» Exercise description
Restate word for word the lines that begin the listing and end with the line holding "403 Woodside Cir - Photo 7 of 23".

» Records supplied

<<<<

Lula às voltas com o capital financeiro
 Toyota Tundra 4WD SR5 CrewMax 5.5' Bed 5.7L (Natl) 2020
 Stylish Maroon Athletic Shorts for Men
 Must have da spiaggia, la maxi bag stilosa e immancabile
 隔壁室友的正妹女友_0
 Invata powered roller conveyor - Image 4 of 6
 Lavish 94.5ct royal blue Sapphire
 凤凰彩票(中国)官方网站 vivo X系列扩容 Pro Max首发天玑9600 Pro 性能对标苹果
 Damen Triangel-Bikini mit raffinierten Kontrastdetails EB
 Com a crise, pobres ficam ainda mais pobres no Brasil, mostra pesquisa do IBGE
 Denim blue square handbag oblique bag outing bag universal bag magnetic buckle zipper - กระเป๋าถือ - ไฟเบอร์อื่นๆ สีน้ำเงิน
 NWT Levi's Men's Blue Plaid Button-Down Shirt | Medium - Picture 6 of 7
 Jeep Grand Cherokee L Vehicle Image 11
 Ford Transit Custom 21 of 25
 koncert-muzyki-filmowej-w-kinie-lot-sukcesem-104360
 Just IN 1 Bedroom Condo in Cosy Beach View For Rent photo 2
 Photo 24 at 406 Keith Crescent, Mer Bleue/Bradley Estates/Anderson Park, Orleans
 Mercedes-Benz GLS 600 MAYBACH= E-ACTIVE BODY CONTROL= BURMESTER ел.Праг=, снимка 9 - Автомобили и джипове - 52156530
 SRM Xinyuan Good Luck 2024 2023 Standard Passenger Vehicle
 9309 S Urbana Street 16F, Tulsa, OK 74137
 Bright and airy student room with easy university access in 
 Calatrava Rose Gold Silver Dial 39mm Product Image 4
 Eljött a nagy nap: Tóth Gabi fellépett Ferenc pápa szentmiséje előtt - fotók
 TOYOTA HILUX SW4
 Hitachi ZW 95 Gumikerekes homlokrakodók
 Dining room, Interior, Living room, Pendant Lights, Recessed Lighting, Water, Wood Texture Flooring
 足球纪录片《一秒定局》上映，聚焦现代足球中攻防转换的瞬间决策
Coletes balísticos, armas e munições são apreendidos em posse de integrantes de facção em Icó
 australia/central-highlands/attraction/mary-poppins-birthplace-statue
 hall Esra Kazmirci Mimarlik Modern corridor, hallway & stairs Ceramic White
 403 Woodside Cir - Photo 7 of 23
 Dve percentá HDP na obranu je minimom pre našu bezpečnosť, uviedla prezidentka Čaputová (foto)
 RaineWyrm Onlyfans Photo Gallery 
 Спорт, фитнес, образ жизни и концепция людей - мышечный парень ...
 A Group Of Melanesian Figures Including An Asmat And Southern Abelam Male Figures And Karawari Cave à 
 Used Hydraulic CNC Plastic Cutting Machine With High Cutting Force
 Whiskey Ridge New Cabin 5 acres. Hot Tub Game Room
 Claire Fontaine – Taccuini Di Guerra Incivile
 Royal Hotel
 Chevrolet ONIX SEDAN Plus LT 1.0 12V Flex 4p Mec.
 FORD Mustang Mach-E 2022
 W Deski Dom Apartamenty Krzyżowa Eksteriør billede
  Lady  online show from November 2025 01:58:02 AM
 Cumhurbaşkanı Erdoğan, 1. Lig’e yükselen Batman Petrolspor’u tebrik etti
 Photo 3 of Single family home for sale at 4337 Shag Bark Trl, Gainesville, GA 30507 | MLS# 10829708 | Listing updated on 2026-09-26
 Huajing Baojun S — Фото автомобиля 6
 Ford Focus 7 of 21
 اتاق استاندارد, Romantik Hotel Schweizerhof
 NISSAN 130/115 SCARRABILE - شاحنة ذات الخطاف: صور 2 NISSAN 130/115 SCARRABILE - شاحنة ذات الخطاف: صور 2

>>>>

» Answer box
Lula às voltas com o capital financeiro
 Toyota Tundra 4WD SR5 CrewMax 5.5' Bed 5.7L (Natl) 2020
 Stylish Maroon Athletic Shorts for Men
 Must have da spiaggia, la maxi bag stilosa e immancabile
 隔壁室友的正妹女友_0
 Invata powered roller conveyor - Image 4 of 6
 Lavish 94.5ct royal blue Sapphire
 凤凰彩票(中国)官方网站 vivo X系列扩容 Pro Max首发天玑9600 Pro 性能对标苹果
 Damen Triangel-Bikini mit raffinierten Kontrastdetails EB
 Com a crise, pobres ficam ainda mais pobres no Brasil, mostra pesquisa do IBGE
 Denim blue square handbag oblique bag outing bag universal bag magnetic buckle zipper - กระเป๋าถือ - ไฟเบอร์อื่นๆ สีน้ำเงิน
 NWT Levi's Men's Blue Plaid Button-Down Shirt | Medium - Picture 6 of 7
 Jeep Grand Cherokee L Vehicle Image 11
 Ford Transit Custom 21 of 25
 koncert-muzyki-filmowej-w-kinie-lot-sukcesem-104360
 Just IN 1 Bedroom Condo in Cosy Beach View For Rent photo 2
 Photo 24 at 406 Keith Crescent, Mer Bleue/Bradley Estates/Anderson Park, Orleans
 Mercedes-Benz GLS 600 MAYBACH= E-ACTIVE BODY CONTROL= BURMESTER ел.Праг=, снимка 9 - Автомобили и джипове - 52156530
 SRM Xinyuan Good Luck 2024 2023 Standard Passenger Vehicle
 9309 S Urbana Street 16F, Tulsa, OK 74137
 Bright and airy student room with easy university access in 
 Calatrava Rose Gold Silver Dial 39mm Product Image 4
 Eljött a nagy nap: Tóth Gabi fellépett Ferenc pápa szentmiséje előtt - fotók
 TOYOTA HILUX SW4
 Hitachi ZW 95 Gumikerekes homlokrakodók
 Dining room, Interior, Living room, Pendant Lights, Recessed Lighting, Water, Wood Texture Flooring
 足球纪录片《一秒定局》上映，聚焦现代足球中攻防转换的瞬间决策
Coletes balísticos, armas e munições são apreendidos em posse de integrantes de facção em Icó
 australia/central-highlands/attraction/mary-poppins-birthplace-statue
 hall Esra Kazmirci Mimarlik Modern corridor, hallway & stairs Ceramic White
 403 Woodside Cir - Photo 7 of 23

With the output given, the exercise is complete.